#### Dataset records
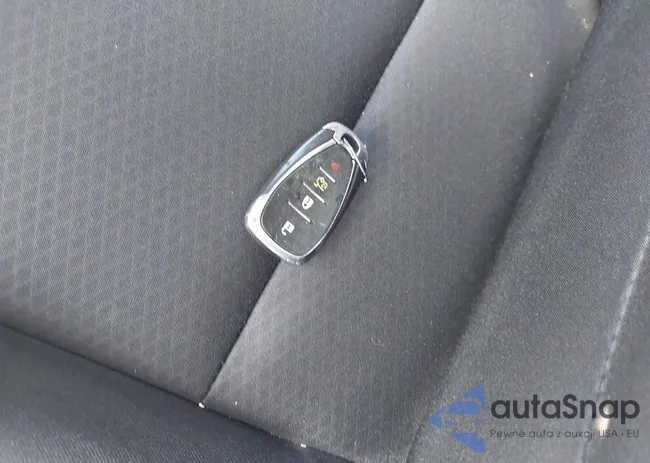 1G1ZC5ST7HF128479: 42004079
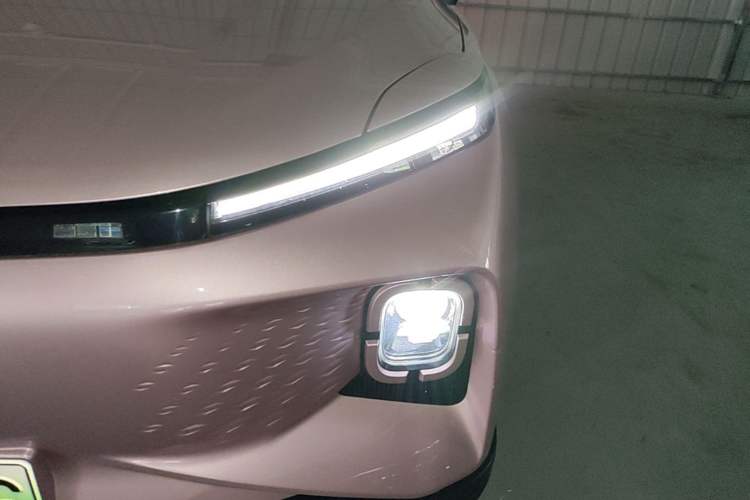 Used Geometry E Firefly 2024 301km Starlight Left Front Headlight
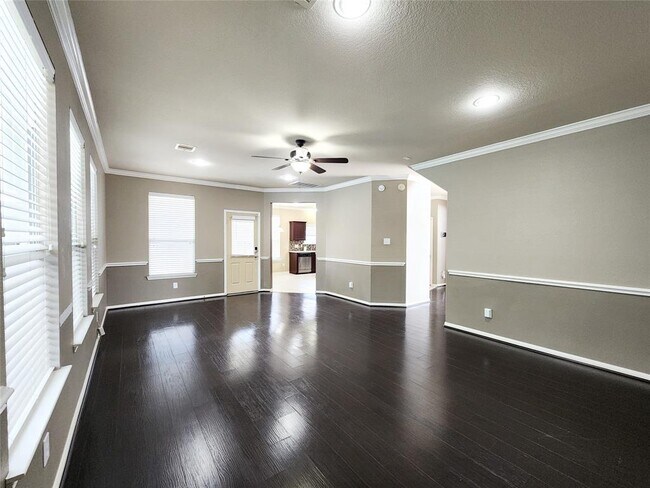 Building Photo - 5827 Eatons Creek Tr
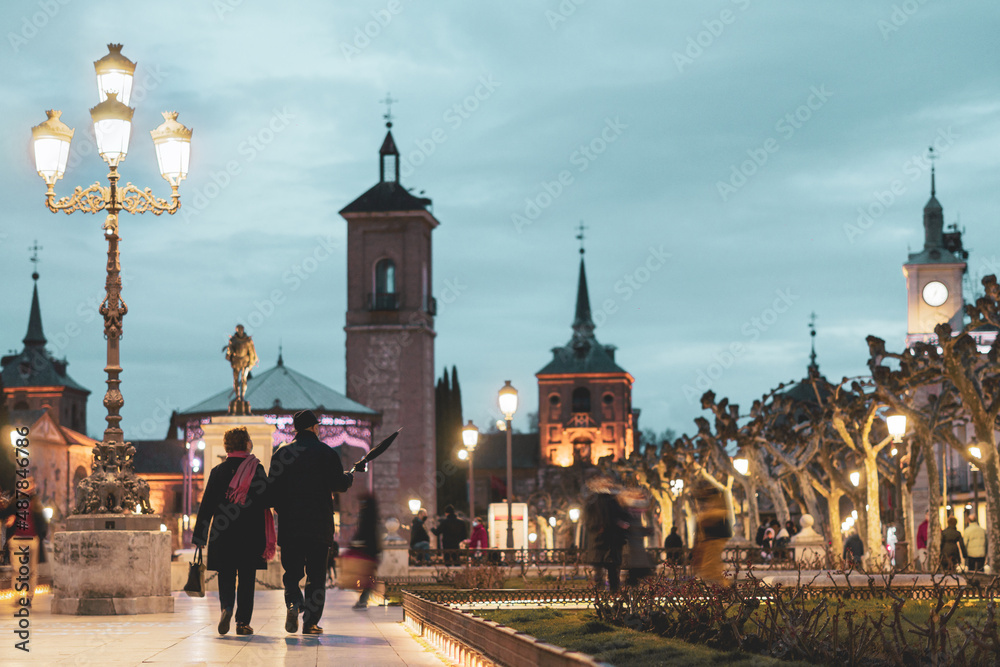 Obraz premium Paseo vespertino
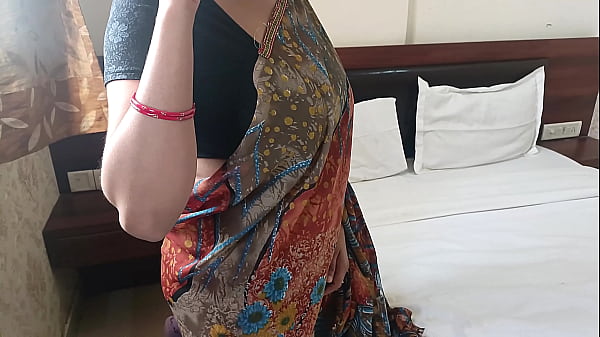 Play MP4 - भारतीय भाभी ने साड़ी में अपने देवर को सेक्स के लिए बहकाया&comma; भारतीय XXX देसी चुदाई हिंदी पोर्न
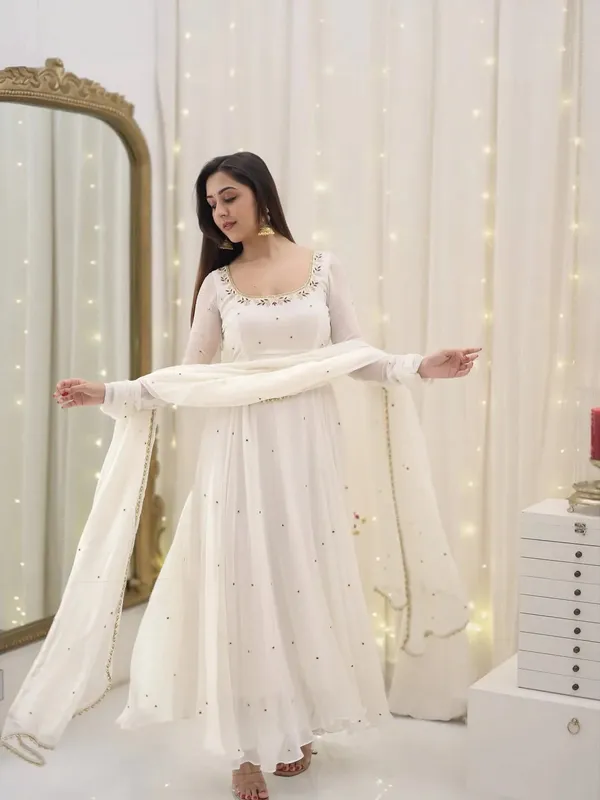 White_Cotton_Premium_&_Fancy_Design_Anarkali_Set_For_Women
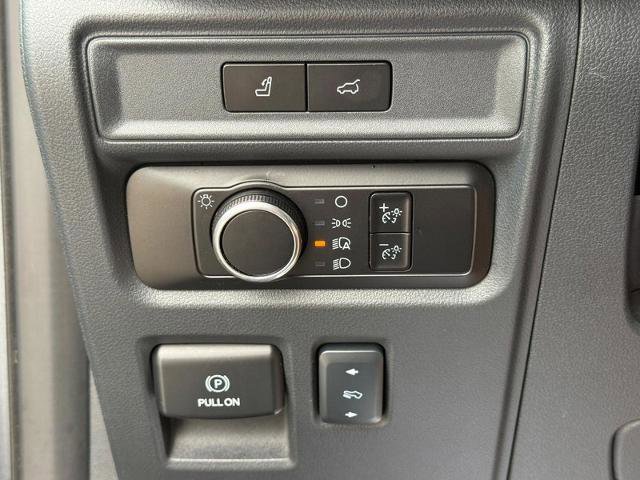 Certified 2024 Ford Expedition XLT RWD image 23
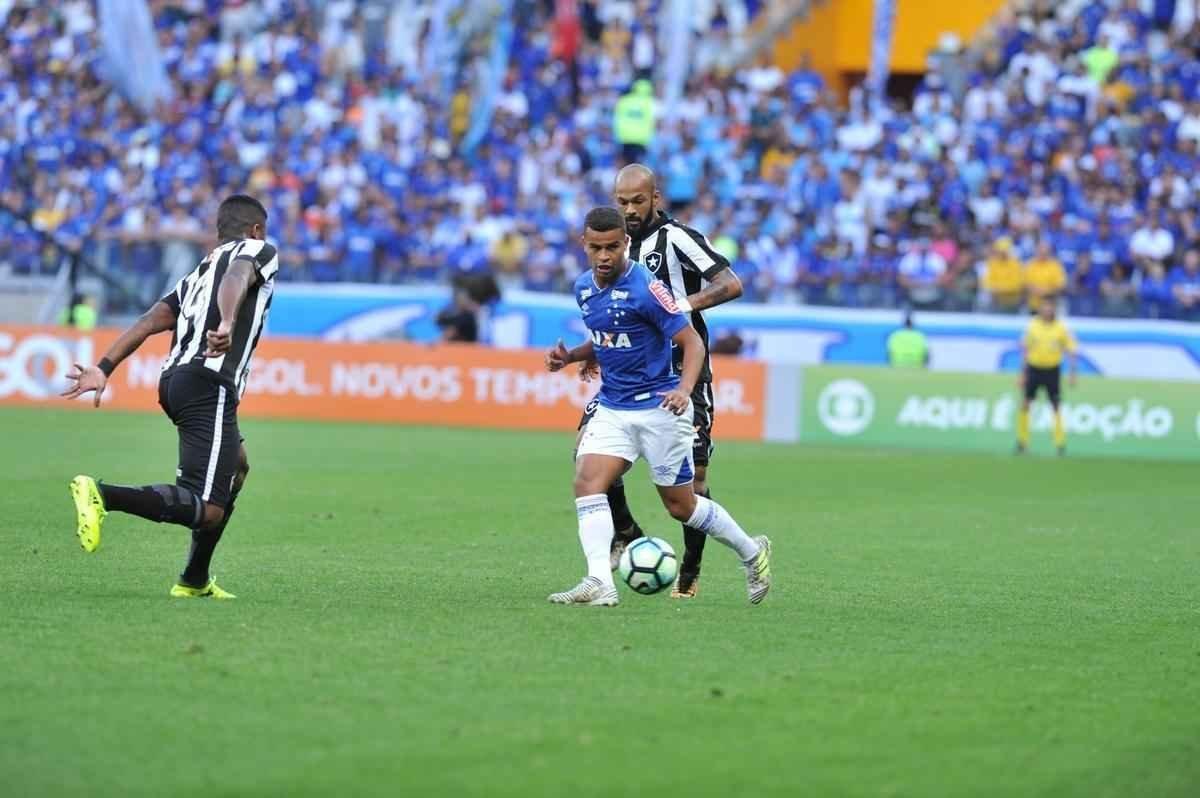 Imagens do jogo entre Cruzeiro e Botafogo, pela 19 rodada do Brasileiro, no Mineiro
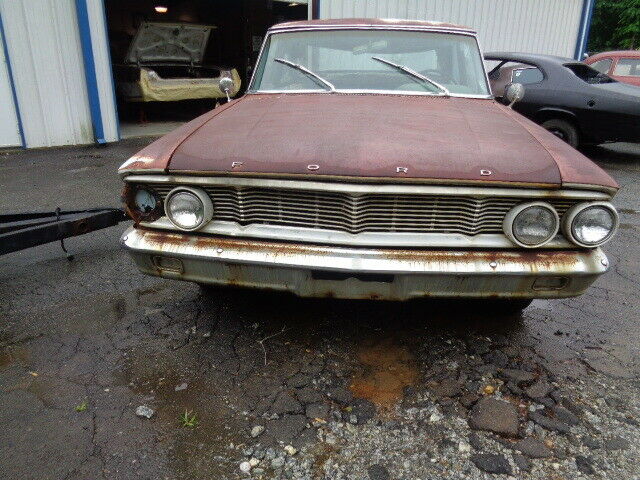 Ford Galaxie 1964 image number 3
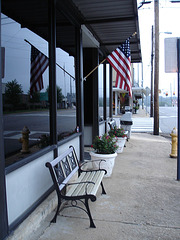 USA flags with twin  benches / Drapeau américain et bancs jumeaux - Hamilton, Alabama. USA - 10 juillet 2010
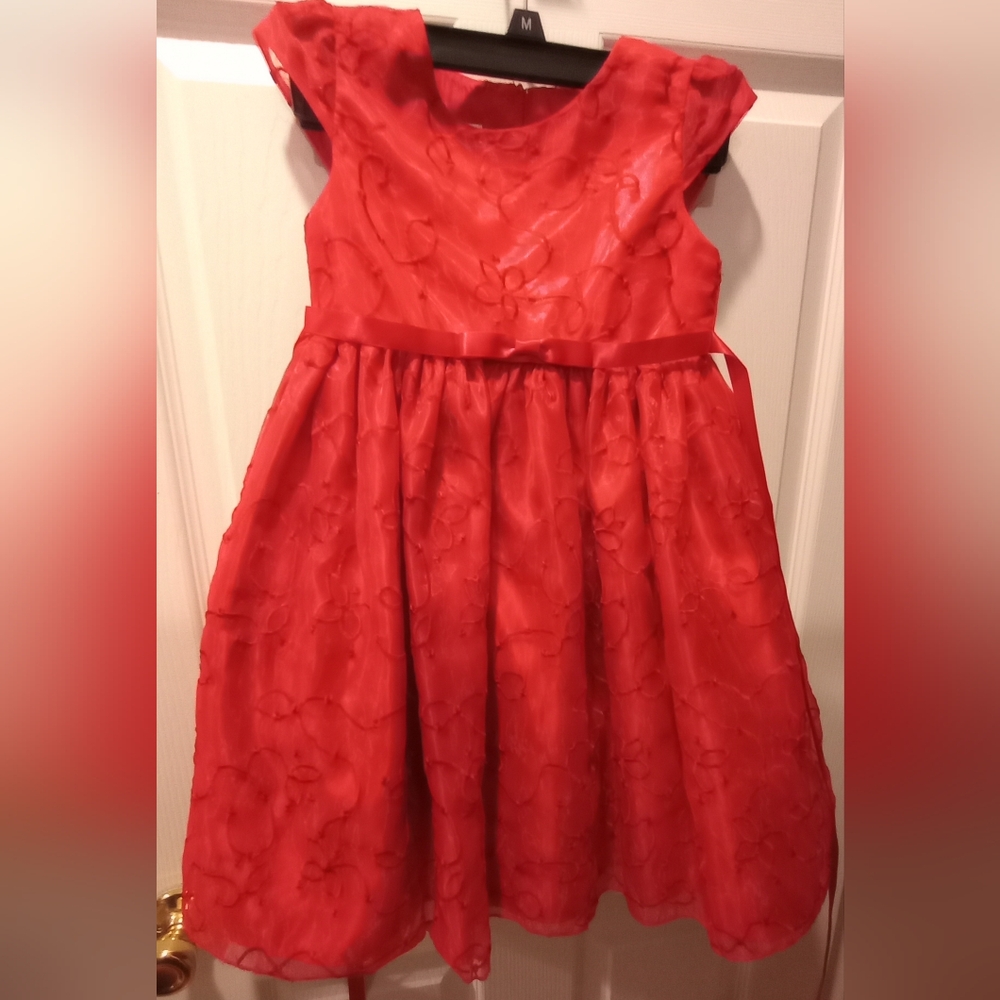 Charming Scarlet Kids Formal Dress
########
Aim of the exercise:
Once the images are removed, print the remaining data exactly as it appears above.

Your response:
 1G1ZC5ST7HF128479: 42004079
 Used Geometry E Firefly 2024 301km Starlight Left Front Headlight
 Building Photo - 5827 Eatons Creek Tr
 Obraz premium Paseo vespertino
 Play MP4 - भारतीय भाभी ने साड़ी में अपने देवर को सेक्स के लिए बहकाया&comma; भारतीय XXX देसी चुदाई हिंदी पोर्न
 White_Cotton_Premium_&_Fancy_Design_Anarkali_Set_For_Women
 Certified 2024 Ford Expedition XLT RWD image 23
 Imagens do jogo entre Cruzeiro e Botafogo, pela 19 rodada do Brasileiro, no Mineiro
 Ford Galaxie 1964 image number 3
 USA flags with twin  benches / Drapeau américain et bancs jumeaux - Hamilton, Alabama. USA - 10 juillet 2010
 Charming Scarlet Kids Formal Dress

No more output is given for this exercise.